Yoram Hazony est spécialiste de la Bible et docteur en philosophie politique.
https://en.wikipedia.org/wiki/Yoram_Hazony
Il a fondé le Herzl Institute et enseigne la philosophie et la théologie à Jérusalem.
Ce penseur de la droite israélienne est également auteur de nombreux articles publiés dans les journaux américains les plus prestigieux, du New York Times au Wall Street Journal.
Presque inconnu en France, sonlivre The Virtue of Nationalism a suscité un vif débat aux Etats-Unis.
LE FIGARO MAGAZINE. – Le 11 novembre dernier, Emmanuel Macron déclarait aux chefs d’Etat du monde entier: «Le nationalisme est la trahison du patriotisme.» Qu’en pensez-vous?
Yoram HAZONY. –
Aujourd’hui, on ne cesse de nous répéter que le nationalisme a provoqué les deux guerres mondiales, et on lui impute même la responsabilité de la Shoah.
Mais cette lecture historique n’est pas satisfaisante.
J’appelle «nationaliste» quelqu’un qui souhaite vivre dans un monde constitué de nations indépendantes.
De sorte qu’à mes yeux, Hitler n’était pas le moins du monde nationaliste.
Il était même tout le contraire: Hitler méprisait la vision nationaliste, et il appelle dans Mein Kampf à détruire les autres Etats-nations européens pour que les Allemands soient les maîtres du monde.
Dès son origine, le nazisme est une entreprise impérialiste, pas nationaliste.
Quant à la Première Guerre mondiale, le nationalisme est loin de l’avoir déclenchée à lui seul!
Le nationalisme serbe a fourni un prétexte, mais en réalité c’est la visée impérialiste des grandes puissances européennes (l’Allemagne, la France, l’Angleterre) qui a transformé ce conflit régional en une guerre planétaire.
Ainsi, le principal moteur des deux guerres mondiales était l’impérialisme, pas le nationalisme.
Donald Trump, lui, avait déclaré il y a quelques semaines: «Je suis nationaliste.» Y a-t-il aujourd’hui un retour du nationalisme?

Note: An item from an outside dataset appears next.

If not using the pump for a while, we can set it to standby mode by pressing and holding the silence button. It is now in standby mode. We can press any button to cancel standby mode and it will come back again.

Le nationalisme est en effet en vogue en ce moment: c’est du jamais-vu depuis 1990, date à laquelle Margaret Thatcher a été renversée par son propre camp à cause de son hostilité à l’Union européenne.
Depuis plusieurs décennies, les principaux partis politiques aux Etats-Unis et en Europe, de droite comme de gauche, ont souscrit à ce que l’on pourrait appeler «l’impérialisme libéral», c’est-à-dire l’idée selon laquelle le monde entier devrait être régi par une seule et même législation, imposée si besoin par la contrainte.

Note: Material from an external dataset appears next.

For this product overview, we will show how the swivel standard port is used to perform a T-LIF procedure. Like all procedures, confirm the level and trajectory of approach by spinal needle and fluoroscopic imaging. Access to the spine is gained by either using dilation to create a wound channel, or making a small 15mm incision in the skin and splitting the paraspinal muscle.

Mais aujourd’hui, une génération plus tard, une demande de souveraineté nationale émerge et s’est exprimée avec force aux Etats-Unis, au Royaume-Uni, en Italie, en Europe de l’Est et ailleurs encore.
Avec un peu de chance et beaucoup d’efforts, cet élan nationaliste peut aboutir à un nouvel ordre politique, fondé sur la cohabitation de nations indépendantes et souveraines.

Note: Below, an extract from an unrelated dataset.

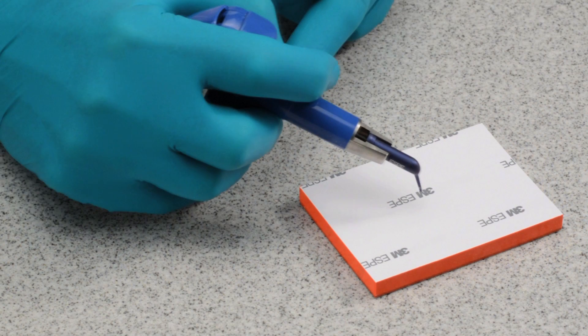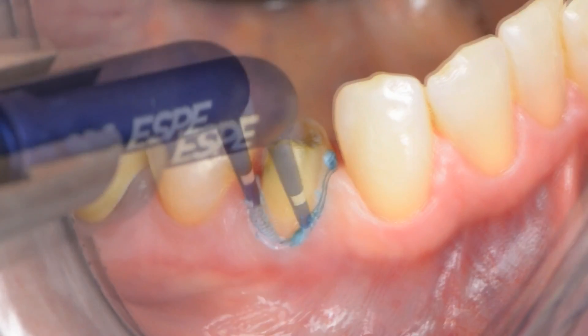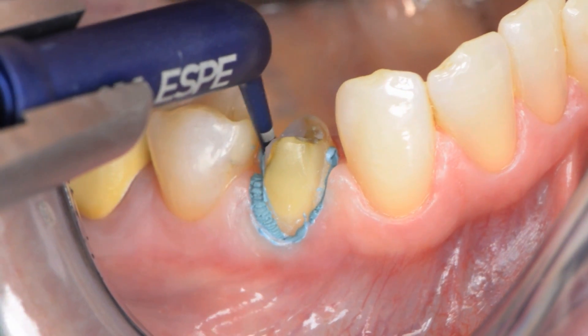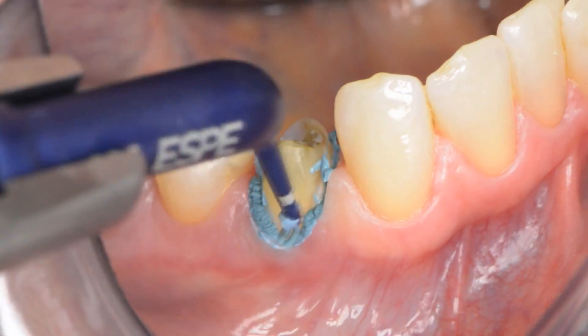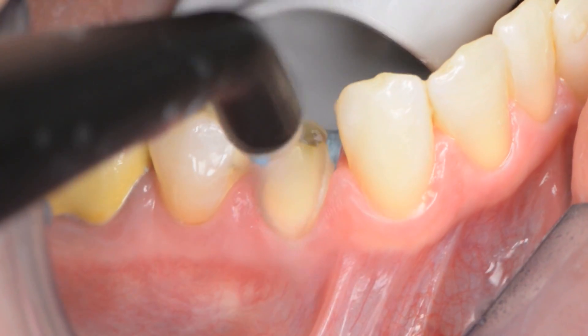3M ESPY Retraction Capsule. Dispense a small quantity of paste onto a mixing pad. Introduce the capsule tip into the sulcus, opening the sulcus. Rinse the sulcus thoroughly with water and dry lightly with air before application of the paste.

Mais nous devons aussi être lucides: les élites «impérialistes libérales» n’ont pas disparu, elles sont seulement affaiblies.
Si, en face d’eux, le camp nationaliste ne parvient pas à faire ses preuves, elles ne tarderont pas à revenir dans le jeu.
Quel est ce «nouvel empire libéral» dont vous parlez? Et qu’entendez-vous exactement par «impérialisme»?
Historiquement, le «nationalisme» décrit une vision du monde où le meilleur système de gouvernement serait la coexistence de nations indépendantes, et libres de tracer leur propre route comme elles l’entendent.
On l’oppose à «l’impérialisme», qui cherche à apporter au monde la paix et la prospérité en unifiant l’humanité, autant que possible, sous un seul et même régime politique.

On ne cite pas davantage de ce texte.